◆ **Task**
What you return must match the records below exactly, down to each character.

Stored records:
******
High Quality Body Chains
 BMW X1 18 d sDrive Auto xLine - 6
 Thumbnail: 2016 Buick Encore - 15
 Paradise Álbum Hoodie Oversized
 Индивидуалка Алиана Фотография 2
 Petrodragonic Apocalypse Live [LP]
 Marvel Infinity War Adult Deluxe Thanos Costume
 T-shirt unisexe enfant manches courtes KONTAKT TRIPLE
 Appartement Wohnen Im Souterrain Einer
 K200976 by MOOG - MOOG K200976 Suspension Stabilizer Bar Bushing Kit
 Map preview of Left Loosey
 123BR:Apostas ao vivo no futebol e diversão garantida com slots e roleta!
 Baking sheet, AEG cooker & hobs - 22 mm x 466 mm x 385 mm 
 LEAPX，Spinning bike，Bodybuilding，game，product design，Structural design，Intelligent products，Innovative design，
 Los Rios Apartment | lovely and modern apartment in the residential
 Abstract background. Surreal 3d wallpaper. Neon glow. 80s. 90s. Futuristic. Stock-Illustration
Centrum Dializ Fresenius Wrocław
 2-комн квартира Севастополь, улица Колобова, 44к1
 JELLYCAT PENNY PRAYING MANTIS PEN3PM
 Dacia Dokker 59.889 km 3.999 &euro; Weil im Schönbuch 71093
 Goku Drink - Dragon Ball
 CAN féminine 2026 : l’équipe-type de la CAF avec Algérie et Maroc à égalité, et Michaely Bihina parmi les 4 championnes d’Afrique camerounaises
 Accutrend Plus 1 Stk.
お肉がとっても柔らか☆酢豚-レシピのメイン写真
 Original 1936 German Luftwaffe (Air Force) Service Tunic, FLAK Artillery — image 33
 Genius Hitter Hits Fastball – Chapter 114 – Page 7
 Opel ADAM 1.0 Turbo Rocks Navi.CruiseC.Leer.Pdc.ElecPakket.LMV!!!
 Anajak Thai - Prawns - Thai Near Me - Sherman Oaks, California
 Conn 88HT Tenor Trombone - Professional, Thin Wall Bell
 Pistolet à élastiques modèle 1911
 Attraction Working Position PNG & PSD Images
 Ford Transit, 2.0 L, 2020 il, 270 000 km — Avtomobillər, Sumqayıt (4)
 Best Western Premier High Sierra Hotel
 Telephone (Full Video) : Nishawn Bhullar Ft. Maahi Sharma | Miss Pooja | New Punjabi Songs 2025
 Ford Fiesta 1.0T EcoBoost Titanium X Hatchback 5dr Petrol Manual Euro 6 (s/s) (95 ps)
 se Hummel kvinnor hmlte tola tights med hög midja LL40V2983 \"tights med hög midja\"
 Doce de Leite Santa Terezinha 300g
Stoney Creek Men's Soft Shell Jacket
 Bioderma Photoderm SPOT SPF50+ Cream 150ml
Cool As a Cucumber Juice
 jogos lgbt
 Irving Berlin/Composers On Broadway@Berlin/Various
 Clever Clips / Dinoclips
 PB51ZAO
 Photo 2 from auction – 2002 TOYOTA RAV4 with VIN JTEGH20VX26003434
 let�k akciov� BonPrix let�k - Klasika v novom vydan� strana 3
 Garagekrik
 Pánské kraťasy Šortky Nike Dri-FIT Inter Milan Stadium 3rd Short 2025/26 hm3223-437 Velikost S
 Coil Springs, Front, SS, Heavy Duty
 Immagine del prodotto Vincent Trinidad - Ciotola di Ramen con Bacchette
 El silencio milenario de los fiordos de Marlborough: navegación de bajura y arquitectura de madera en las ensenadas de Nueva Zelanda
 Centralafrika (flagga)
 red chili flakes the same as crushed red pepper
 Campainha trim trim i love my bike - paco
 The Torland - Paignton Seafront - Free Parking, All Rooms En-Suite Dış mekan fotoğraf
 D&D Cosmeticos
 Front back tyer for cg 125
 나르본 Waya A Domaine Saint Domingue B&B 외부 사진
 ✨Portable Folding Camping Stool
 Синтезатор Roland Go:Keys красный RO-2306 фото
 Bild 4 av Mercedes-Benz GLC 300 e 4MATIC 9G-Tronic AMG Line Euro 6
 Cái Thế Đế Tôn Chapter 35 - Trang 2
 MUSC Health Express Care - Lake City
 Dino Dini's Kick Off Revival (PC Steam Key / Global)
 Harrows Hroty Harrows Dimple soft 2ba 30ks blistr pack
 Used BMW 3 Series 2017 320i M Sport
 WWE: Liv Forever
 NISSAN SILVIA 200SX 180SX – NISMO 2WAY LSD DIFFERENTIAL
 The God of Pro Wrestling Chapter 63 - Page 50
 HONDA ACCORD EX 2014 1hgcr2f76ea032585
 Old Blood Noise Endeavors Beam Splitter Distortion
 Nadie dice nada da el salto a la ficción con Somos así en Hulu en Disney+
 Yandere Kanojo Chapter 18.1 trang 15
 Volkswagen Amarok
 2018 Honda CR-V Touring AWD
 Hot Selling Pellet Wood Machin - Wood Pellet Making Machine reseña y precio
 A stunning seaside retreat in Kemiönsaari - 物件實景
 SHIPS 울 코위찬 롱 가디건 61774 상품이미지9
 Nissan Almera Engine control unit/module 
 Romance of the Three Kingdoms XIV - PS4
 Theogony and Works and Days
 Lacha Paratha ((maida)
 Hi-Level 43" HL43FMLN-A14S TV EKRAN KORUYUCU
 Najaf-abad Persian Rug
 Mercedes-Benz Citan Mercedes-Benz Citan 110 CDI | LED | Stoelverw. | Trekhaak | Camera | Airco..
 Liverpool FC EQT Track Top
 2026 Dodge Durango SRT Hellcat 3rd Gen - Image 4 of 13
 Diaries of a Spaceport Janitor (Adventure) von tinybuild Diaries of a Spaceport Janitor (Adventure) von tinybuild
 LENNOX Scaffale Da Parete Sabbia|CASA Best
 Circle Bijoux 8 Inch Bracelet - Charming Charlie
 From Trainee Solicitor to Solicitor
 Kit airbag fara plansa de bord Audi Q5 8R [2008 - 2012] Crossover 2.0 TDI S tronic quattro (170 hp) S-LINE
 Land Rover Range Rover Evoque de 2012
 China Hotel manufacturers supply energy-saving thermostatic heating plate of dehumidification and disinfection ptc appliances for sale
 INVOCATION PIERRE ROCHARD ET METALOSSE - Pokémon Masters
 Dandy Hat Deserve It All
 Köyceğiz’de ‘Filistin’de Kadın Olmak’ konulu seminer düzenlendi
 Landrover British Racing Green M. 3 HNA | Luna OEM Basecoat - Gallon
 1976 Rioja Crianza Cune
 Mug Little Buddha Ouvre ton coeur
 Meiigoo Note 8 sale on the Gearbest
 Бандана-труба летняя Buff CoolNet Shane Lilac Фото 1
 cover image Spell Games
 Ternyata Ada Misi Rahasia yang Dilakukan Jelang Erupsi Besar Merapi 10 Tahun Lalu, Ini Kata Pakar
******
◆ **Response below**
High Quality Body Chains
 BMW X1 18 d sDrive Auto xLine - 6
 Thumbnail: 2016 Buick Encore - 15
 Paradise Álbum Hoodie Oversized
 Индивидуалка Алиана Фотография 2
 Petrodragonic Apocalypse Live [LP]
 Marvel Infinity War Adult Deluxe Thanos Costume
 T-shirt unisexe enfant manches courtes KONTAKT TRIPLE
 Appartement Wohnen Im Souterrain Einer
 K200976 by MOOG - MOOG K200976 Suspension Stabilizer Bar Bushing Kit
 Map preview of Left Loosey
 123BR:Apostas ao vivo no futebol e diversão garantida com slots e roleta!
 Baking sheet, AEG cooker & hobs - 22 mm x 466 mm x 385 mm 
 LEAPX，Spinning bike，Bodybuilding，game，product design，Structural design，Intelligent products，Innovative design，
 Los Rios Apartment | lovely and modern apartment in the residential
 Abstract background. Surreal 3d wallpaper. Neon glow. 80s. 90s. Futuristic. Stock-Illustration
Centrum Dializ Fresenius Wrocław
 2-комн квартира Севастополь, улица Колобова, 44к1
 JELLYCAT PENNY PRAYING MANTIS PEN3PM
 Dacia Dokker 59.889 km 3.999 &euro; Weil im Schönbuch 71093
 Goku Drink - Dragon Ball
 CAN féminine 2026 : l’équipe-type de la CAF avec Algérie et Maroc à égalité, et Michaely Bihina parmi les 4 championnes d’Afrique camerounaises
 Accutrend Plus 1 Stk.
お肉がとっても柔らか☆酢豚-レシピのメイン写真
 Original 1936 German Luftwaffe (Air Force) Service Tunic, FLAK Artillery — image 33
 Genius Hitter Hits Fastball – Chapter 114 – Page 7
 Opel ADAM 1.0 Turbo Rocks Navi.CruiseC.Leer.Pdc.ElecPakket.LMV!!!
 Anajak Thai - Prawns - Thai Near Me - Sherman Oaks, California
 Conn 88HT Tenor Trombone - Professional, Thin Wall Bell
 Pistolet à élastiques modèle 1911
 Attraction Working Position PNG & PSD Images
 Ford Transit, 2.0 L, 2020 il, 270 000 km — Avtomobillər, Sumqayıt (4)
 Best Western Premier High Sierra Hotel
 Telephone (Full Video) : Nishawn Bhullar Ft. Maahi Sharma | Miss Pooja | New Punjabi Songs 2025
 Ford Fiesta 1.0T EcoBoost Titanium X Hatchback 5dr Petrol Manual Euro 6 (s/s) (95 ps)
 se Hummel kvinnor hmlte tola tights med hög midja LL40V2983 \"tights med hög midja\"
 Doce de Leite Santa Terezinha 300g
Stoney Creek Men's Soft Shell Jacket
 Bioderma Photoderm SPOT SPF50+ Cream 150ml
Cool As a Cucumber Juice
 jogos lgbt
 Irving Berlin/Composers On Broadway@Berlin/Various
 Clever Clips / Dinoclips
 PB51ZAO
 Photo 2 from auction – 2002 TOYOTA RAV4 with VIN JTEGH20VX26003434
 let�k akciov� BonPrix let�k - Klasika v novom vydan� strana 3
 Garagekrik
 Pánské kraťasy Šortky Nike Dri-FIT Inter Milan Stadium 3rd Short 2025/26 hm3223-437 Velikost S
 Coil Springs, Front, SS, Heavy Duty
 Immagine del prodotto Vincent Trinidad - Ciotola di Ramen con Bacchette
 El silencio milenario de los fiordos de Marlborough: navegación de bajura y arquitectura de madera en las ensenadas de Nueva Zelanda
 Centralafrika (flagga)
 red chili flakes the same as crushed red pepper
 Campainha trim trim i love my bike - paco
 The Torland - Paignton Seafront - Free Parking, All Rooms En-Suite Dış mekan fotoğraf
 D&D Cosmeticos
 Front back tyer for cg 125
 나르본 Waya A Domaine Saint Domingue B&B 외부 사진
 ✨Portable Folding Camping Stool
 Синтезатор Roland Go:Keys красный RO-2306 фото
 Bild 4 av Mercedes-Benz GLC 300 e 4MATIC 9G-Tronic AMG Line Euro 6
 Cái Thế Đế Tôn Chapter 35 - Trang 2
 MUSC Health Express Care - Lake City
 Dino Dini's Kick Off Revival (PC Steam Key / Global)
 Harrows Hroty Harrows Dimple soft 2ba 30ks blistr pack
 Used BMW 3 Series 2017 320i M Sport
 WWE: Liv Forever
 NISSAN SILVIA 200SX 180SX – NISMO 2WAY LSD DIFFERENTIAL
 The God of Pro Wrestling Chapter 63 - Page 50
 HONDA ACCORD EX 2014 1hgcr2f76ea032585
 Old Blood Noise Endeavors Beam Splitter Distortion
 Nadie dice nada da el salto a la ficción con Somos así en Hulu en Disney+
 Yandere Kanojo Chapter 18.1 trang 15
 Volkswagen Amarok
 2018 Honda CR-V Touring AWD
 Hot Selling Pellet Wood Machin - Wood Pellet Making Machine reseña y precio
 A stunning seaside retreat in Kemiönsaari - 物件實景
 SHIPS 울 코위찬 롱 가디건 61774 상품이미지9
 Nissan Almera Engine control unit/module 
 Romance of the Three Kingdoms XIV - PS4
 Theogony and Works and Days
 Lacha Paratha ((maida)
 Hi-Level 43" HL43FMLN-A14S TV EKRAN KORUYUCU
 Najaf-abad Persian Rug
 Mercedes-Benz Citan Mercedes-Benz Citan 110 CDI | LED | Stoelverw. | Trekhaak | Camera | Airco..
 Liverpool FC EQT Track Top
 2026 Dodge Durango SRT Hellcat 3rd Gen - Image 4 of 13
 Diaries of a Spaceport Janitor (Adventure) von tinybuild Diaries of a Spaceport Janitor (Adventure) von tinybuild
 LENNOX Scaffale Da Parete Sabbia|CASA Best
 Circle Bijoux 8 Inch Bracelet - Charming Charlie
 From Trainee Solicitor to Solicitor
 Kit airbag fara plansa de bord Audi Q5 8R [2008 - 2012] Crossover 2.0 TDI S tronic quattro (170 hp) S-LINE
 Land Rover Range Rover Evoque de 2012
 China Hotel manufacturers supply energy-saving thermostatic heating plate of dehumidification and disinfection ptc appliances for sale
 INVOCATION PIERRE ROCHARD ET METALOSSE - Pokémon Masters
 Dandy Hat Deserve It All
 Köyceğiz’de ‘Filistin’de Kadın Olmak’ konulu seminer düzenlendi
 Landrover British Racing Green M. 3 HNA | Luna OEM Basecoat - Gallon
 1976 Rioja Crianza Cune
 Mug Little Buddha Ouvre ton coeur
 Meiigoo Note 8 sale on the Gearbest
 Бандана-труба летняя Buff CoolNet Shane Lilac Фото 1
 cover image Spell Games
 Ternyata Ada Misi Rahasia yang Dilakukan Jelang Erupsi Besar Merapi 10 Tahun Lalu, Ini Kata Pakar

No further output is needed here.